**Your assignment:** Write out, word for word, every line in the data below from the one containing "Agneau Arena Cagole" to the one containing "Kawaii Pomeranian Tank Top by KawaiiNir", both of them included.

**Supplied entries:**
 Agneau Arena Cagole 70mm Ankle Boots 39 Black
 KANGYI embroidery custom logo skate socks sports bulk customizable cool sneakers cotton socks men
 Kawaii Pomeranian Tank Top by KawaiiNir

* * *

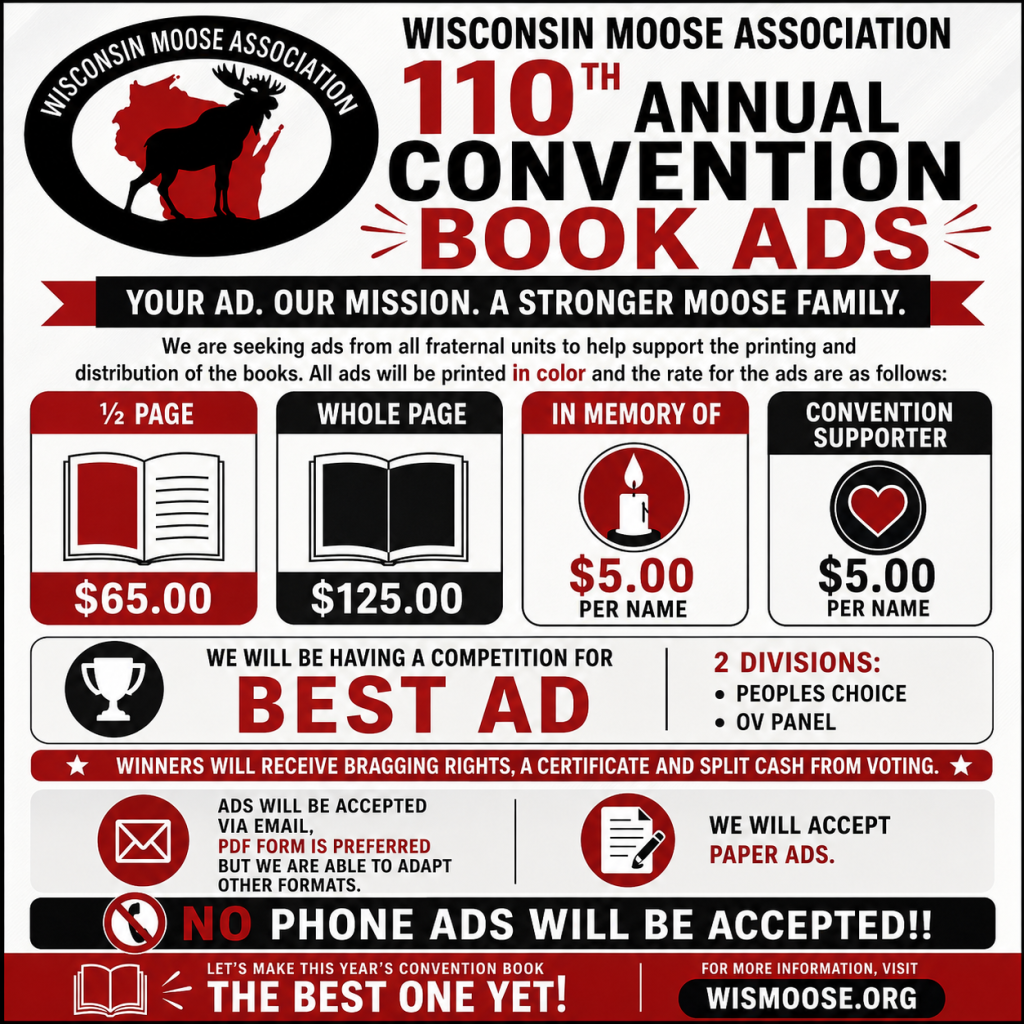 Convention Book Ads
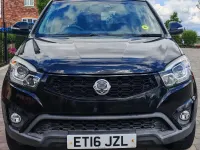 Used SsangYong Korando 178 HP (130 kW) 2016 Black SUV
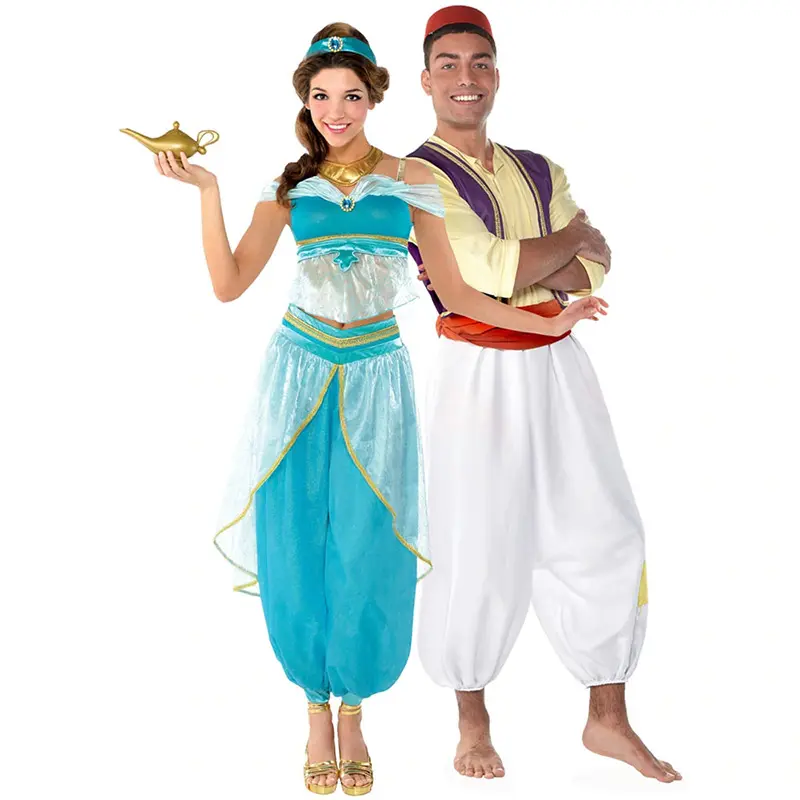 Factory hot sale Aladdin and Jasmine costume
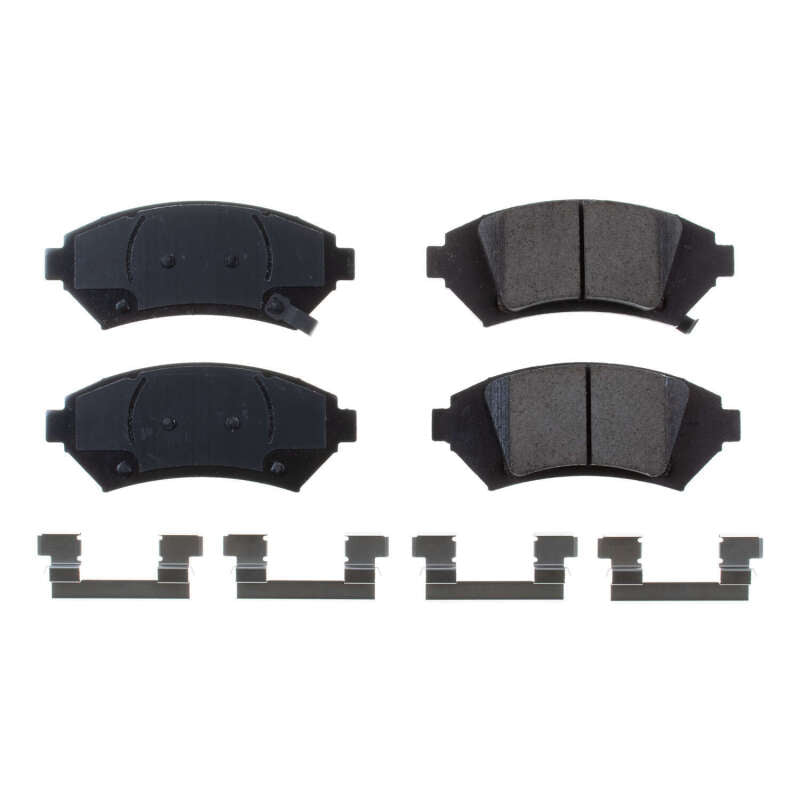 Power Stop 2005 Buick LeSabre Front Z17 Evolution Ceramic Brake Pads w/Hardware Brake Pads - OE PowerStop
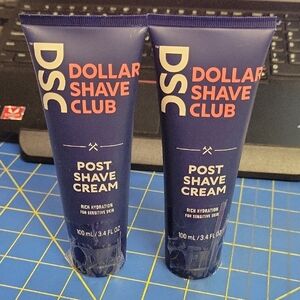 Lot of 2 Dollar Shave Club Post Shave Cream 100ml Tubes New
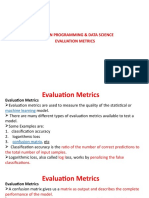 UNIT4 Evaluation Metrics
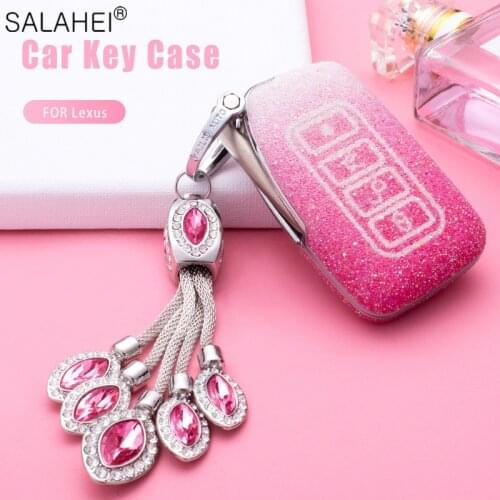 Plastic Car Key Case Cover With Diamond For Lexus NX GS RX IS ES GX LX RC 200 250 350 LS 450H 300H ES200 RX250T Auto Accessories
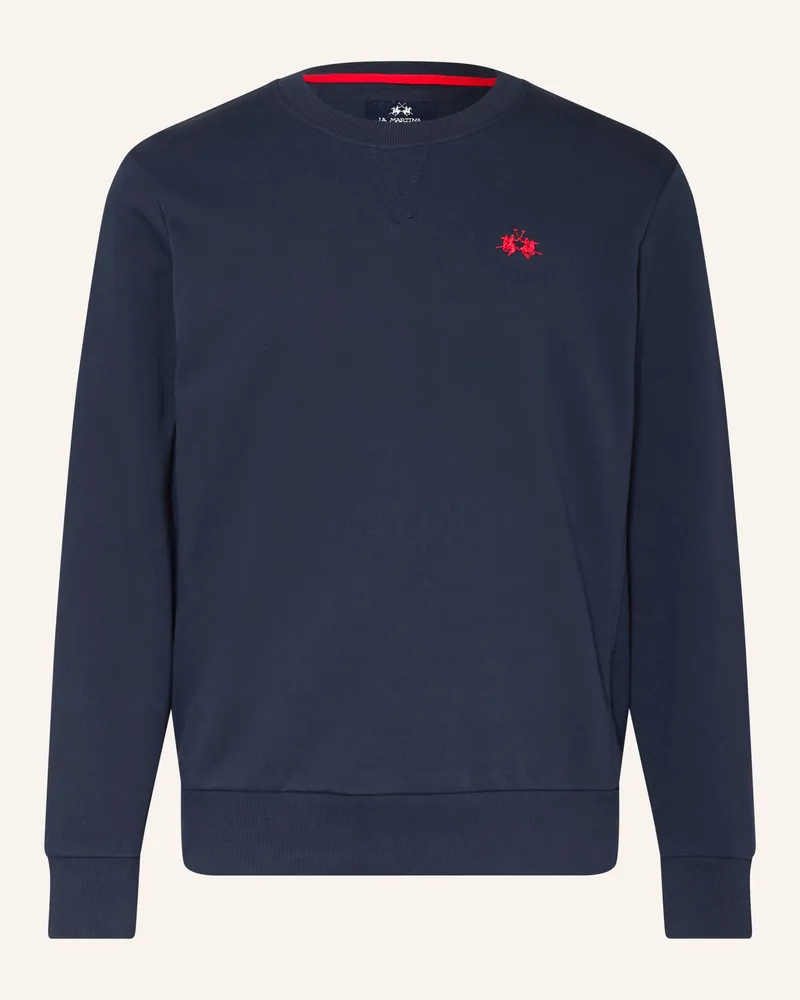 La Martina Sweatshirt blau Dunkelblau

**Response to the task:**
 Agneau Arena Cagole 70mm Ankle Boots 39 Black
 KANGYI embroidery custom logo skate socks sports bulk customizable cool sneakers cotton socks men
 Kawaii Pomeranian Tank Top by KawaiiNir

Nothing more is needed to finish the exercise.